Already on edge, some players fell into disbelief. Pettigrew remembers them asking, “When will it stop? Why does this continue to happen to people that look like us? What do we have to do? What needs to change for this to stop?”
The Timberwolves’ next home game, against the Nets, was postponed a day. Before they took the court, a team manager asked Okogie whether he’d wear a warmup shirt that read “WITH LIBERTY AND JUSTICE FOR ALL.” Okogie agreed, then rallied his teammates and Minnesota’s next three opponents to wear them as well. But he wanted to take the action further.
“Sometimes just raising awareness isn’t enough,” he says. “I mean, if what just went on for the past year in America hasn’t raised enough awareness, obviously wearing a shirt to an NBA game won’t.”
The shirts were eventually auctioned off, and Okogie says around $25,000 was raised for Wright’s family, with Timberwolves future owner Marc Lore matching that total.
Before the auction, the Timberwolves connected Okogie with charity and financial specialists familiar with everything he’d need to pull it off. “I just think that it’s really cool to be able to plan something or have an idea in my mind, and [the front office backs] it 100%,” Okogie says. “All I had was a vision, and they literally gave me all the tools I needed to bring the vision to fruition. There’s such limited things you can do because your time is mostly spent on basketball, but when they’re able to match you with the right people and the right resources it just makes everything so much easier.”
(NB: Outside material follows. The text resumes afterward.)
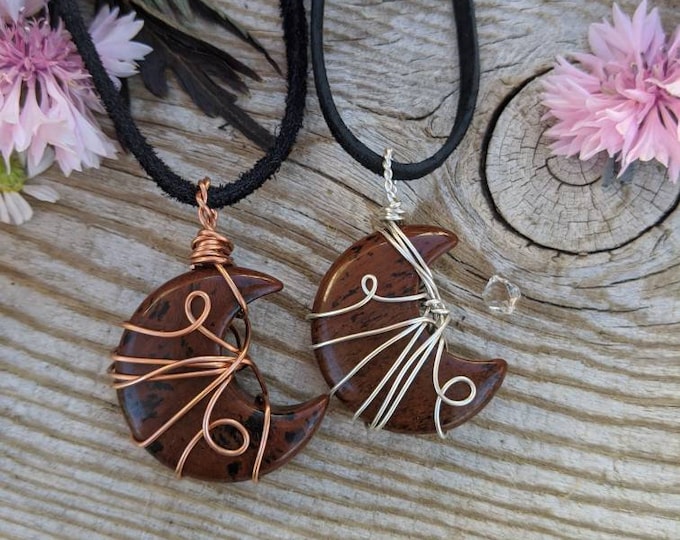 Mahogany Obsidian crescent moon pendant, mahogany obsidian pendant, mahogany obsidian, red obsidian necklace, crescent moon pendant, moon je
That auction did some good for the community. But the Timberwolves’ strategy is aimed to prevent killings from taking place, not to react to them after they happen.
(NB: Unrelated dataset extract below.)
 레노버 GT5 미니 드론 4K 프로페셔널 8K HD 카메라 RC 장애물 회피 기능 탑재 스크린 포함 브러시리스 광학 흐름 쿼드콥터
“If we can provide a fix for a specific incident, one isolated incident, then that is phenomenal,” Pettigrew says. “But if we continue to fix a wound but don’t really change the conditions, then we’re allowing people to continue to live in a world that is continuing to put them in harm’s way, and it's continuing to traumatize them and make them sick.”
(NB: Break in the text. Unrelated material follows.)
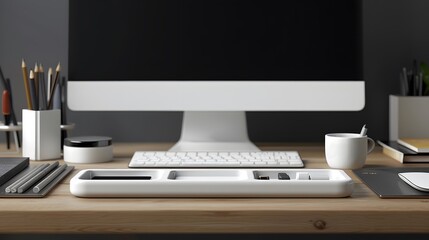 Desk Organizer: A desk organizer with no label on a clean workspace.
Brandon Williams hasn’t had much time to rest. His family has taken up the cause of racial justice, traveling across the country to stand with other victims that have been devastated by police brutality. As we talked earlier this month, he was planning a march and rally in Houston to commemorate the anniversary of his uncle’s death.
Williams eventually wants to honor his uncle by devoting a room in his home. He pictures the Timberwolves’ game ball in a glass case, with Towns’s jersey in a frame beside Floyd’s own custom version. (“It took like two days for the sweat to dry,” Williams says, laughing, about Towns’s jersey. “So I’m definitely not wearing it.”)
Through his grief, Williams still struggles to process all the attention and sympathy that’s been extended to his family. But he’s grateful for it all, including what has come from NBA teams and players. Williams is almost surprised by how willing and loud their support for change has been.
“Oftentimes you don’t see people that’s in their position use their platform, because a lot of times it’s about money and people are scared to lose endorsements. People are scared of the responses they’re gonna get, the criticism or the backlash that can come with it,” he says. “To see guys of their stature speak out, and for it to be genuine and heartfelt, it means everything, man. It helps us get through those rough days when the cameras aren’t there. You know, the days when you’re actually grieving and you just more than anything wish George was here.”
Williams stops to think about what his uncle’s reaction to everything the Timberwolves have done would be. “It’d probably be priceless,” he says. “He was so humble and so giving and caring that he would just kind of be in awe like, ‘Man, all this for me?’ I can just hear him now: All this for lil ol’ me?”